Planet Labs CEO Will Marshall (PL) tells Yahoo Finance how his company uses images to train its AI algorithms. "We've got this corpus of imagery... to train our algorithms so that you can do things like find any object around the Earth and backwards through time," Marshall explains. Marshall uses the company's project in Brazil, where Planet Labs' images and algorithms are used to detect new roads being built in the rainforest, a sign that there could be deforestation efforts to come.

Watch the video above to hear Marshall explain how companies will use Planet Labs' technology to track their carbon footprint.

For more expert insight and the latest market action, click here to watch this full episode of Yahoo Finance Live.

Editor's note: This article was written by Stephanie Mikulich.

Video Transcript

- When you talk about some of the work that you are doing, you build and manage a fleet of more than 200-- just around 200 satellites that are capturing images here on Earth, daily global change on Earth. When you talk about-- there's been so much hype around surrounding AI, how it is disrupting, how is revolutionizing. Across your industry, how do you see the advancements in AI impacting what you do?

WILL MARSHALL: Yeah, absolutely. Well, a huge amount. So AI is all about the data. Algorithms on their own are not worth anything. It's all about what data you train them on as to how useful they are to you. If you train them on the text of the internet, you can answer questions that you can find on the internet.

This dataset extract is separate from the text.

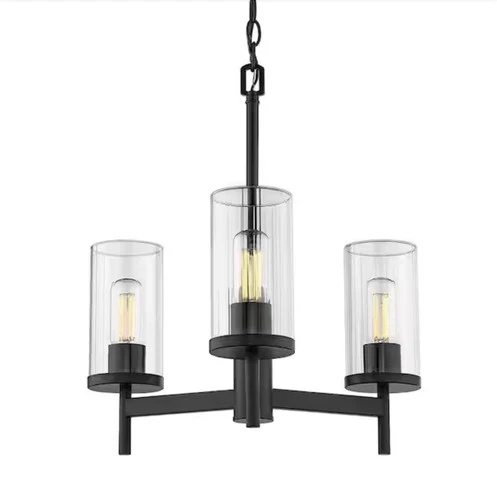 🔥Golden Lighting Winslett 3 Light Mini Chandelier, Black/Ribbed - 7011-3BLK-CLR - Picture 1 of 6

We've got this corpus of imagery, 2,500 images for every point on the Earth's landmass on average. So to train our algorithms so that-- you can do things like find any object around the Earth across and backwards through time. Let me give it a very specific example though to make it concrete. We work with the government of Brazil to track deforestation.

Now we produce millions of images all the time of Brazil. No one could look at all those images by hand and check if the difference between today and yesterday, if there's deforestation. So we have an automatic algorithm that's trained using machine learning that looks at all of the Brazilian Amazon and finds any new roads. If it finds a road, it's an early sign of people doing deforestation.

We then send them alerts every day of all the locations across the entire Brazilian Amazon for deforestation events. Last year alone, they did 3,000 interventions to go and arrest people or take equipment. They confiscated over $2 billion worth of equipment. And most importantly, they reduced deforestation rates by 55% in Brazil, leveraging our data.